In order for the Standard to unambiguously classify a corner case as defined or undefined, the Committee would have to reach a consensus as to whether it should be defined or undefined. If the Committee members fundamentally disagree about whether some cases should be defined or undefined, the only way to pass a rule by consensus will be if the rule is written ambiguously in a way that allows people with contradictory views about what should be defined to each think the rule supports their viewpoint.

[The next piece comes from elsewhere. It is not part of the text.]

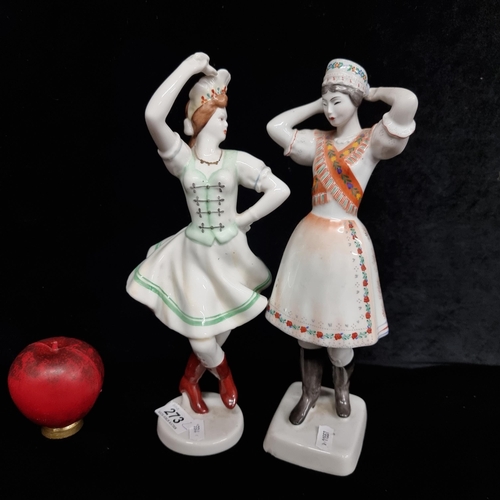 273 - A charming pair of Hollohaza Hungarian dancing girl porcelain figurines. Both featuring fine hand pa... 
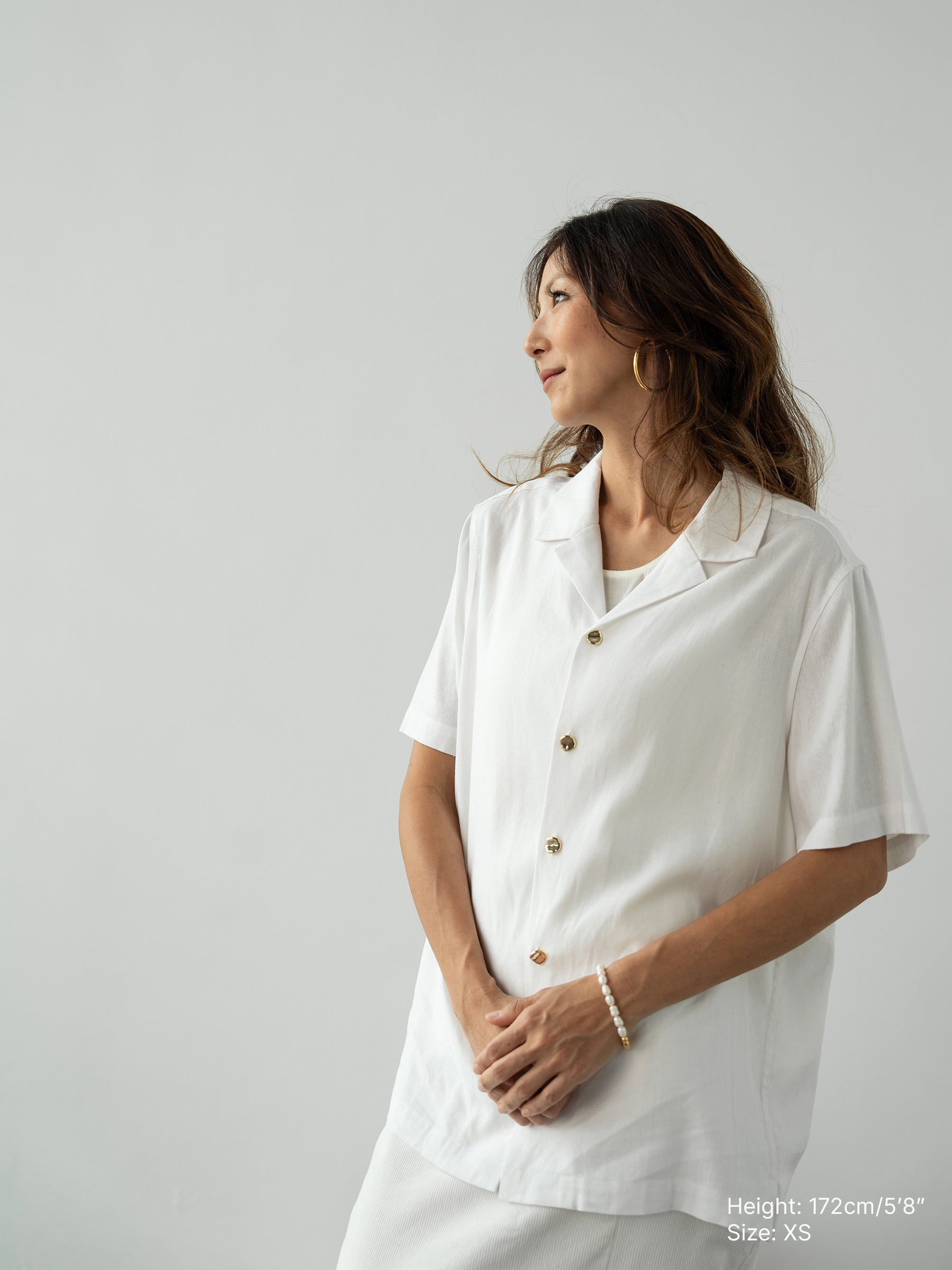 Woman wearing white linen top and white skirt by Singapore women's fashion brand Hadasity.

While I don't think the Committee members explicitly wanted to make their rules ambiguous, I don't think the Committee could have been consensus for rules that weren't.
Given that situation, many actions, including updating structures that have constant members, most likely falls in the realm of actions which the Standard doesn't require implementations to process meaningfully, but which the authors of the Standard would have expected that implementations would process meaningfully anyhow.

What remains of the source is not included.